Psychology Professor
Psychologists are not real scientists, and can be easily identified by their screams of protest whenever anyone questions whether Psychology is a science. Psychology people have beady little eyes and don't laugh at jokes about psychology. If you are not sure whether a person is a scientist or a comparative religion instructor, he is probably a psychologist.

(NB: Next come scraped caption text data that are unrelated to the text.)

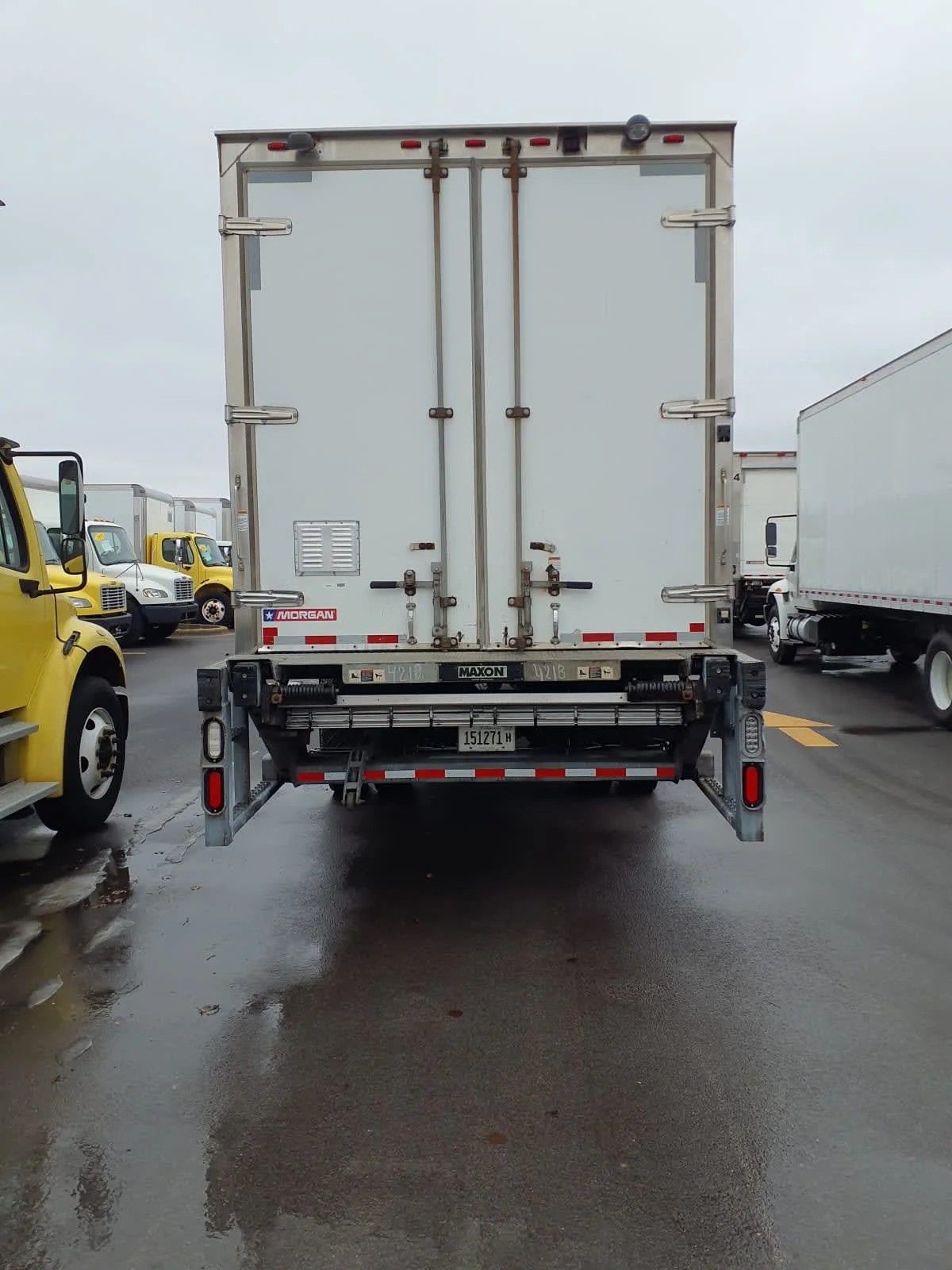 2016 Freightliner M2 106 - image 5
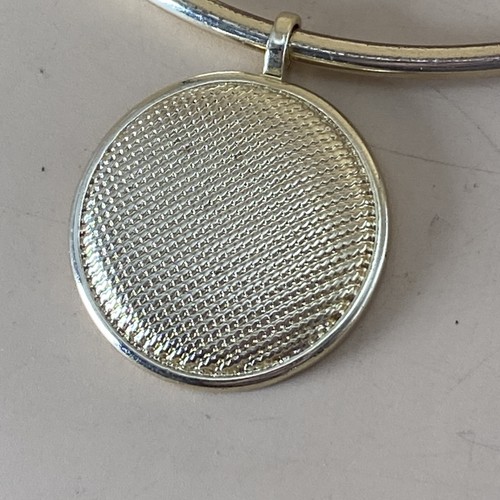 Vintage. Collana con colletto tono oro Monet con cerchio/pendente tondo - Foto 2 di 12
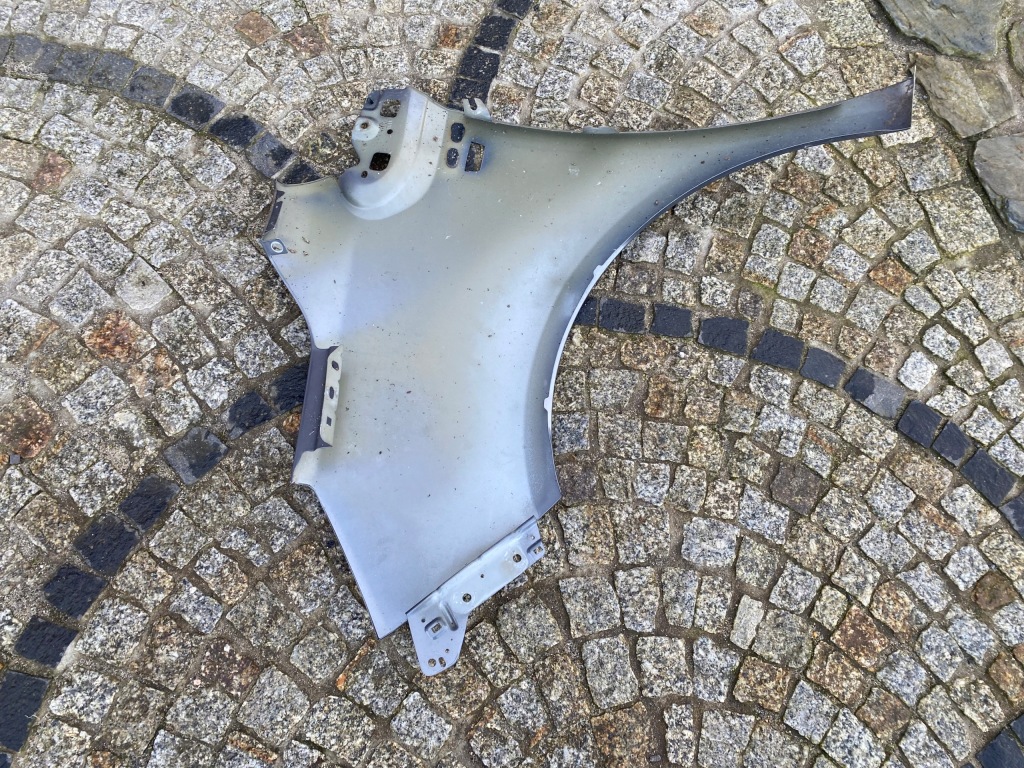 Opel meriva b 2 крыло правая  перед оригинал Цена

Computer Science Professor
Most Computer Science Professors are from India or Pakistan. You can tell by the gestures and accents. This is not a bad thing, though many of the American Computer Science professors tend to pick up Indian accents which confounds more specific identification. Like mushrooms, Computer Science students only come out at night, and, if not Indian, tend to take on a pasty appearance. Computer Science Professors do not use computers and therefore can be easily identified by their comparative good health with respect to their students. Many Computer Science Professors do not even know how to use computers, and are actually mathematicians or psychologists in disguise. Avoid these people.

Math Professor
Math Professors are like Physics Professors except without any practical bent. A Math Professor will have only books and pencils in his office, as opposed to the piles of broken equipment that Physicists keep. Mathematicians scorn the use of computers and calculators and often have difficulty splitting bills in restaurants. The easy way to identify a
Mathematician is by the common use of the phrases "It can be shown that..." and "Is left as an exercise to the student..."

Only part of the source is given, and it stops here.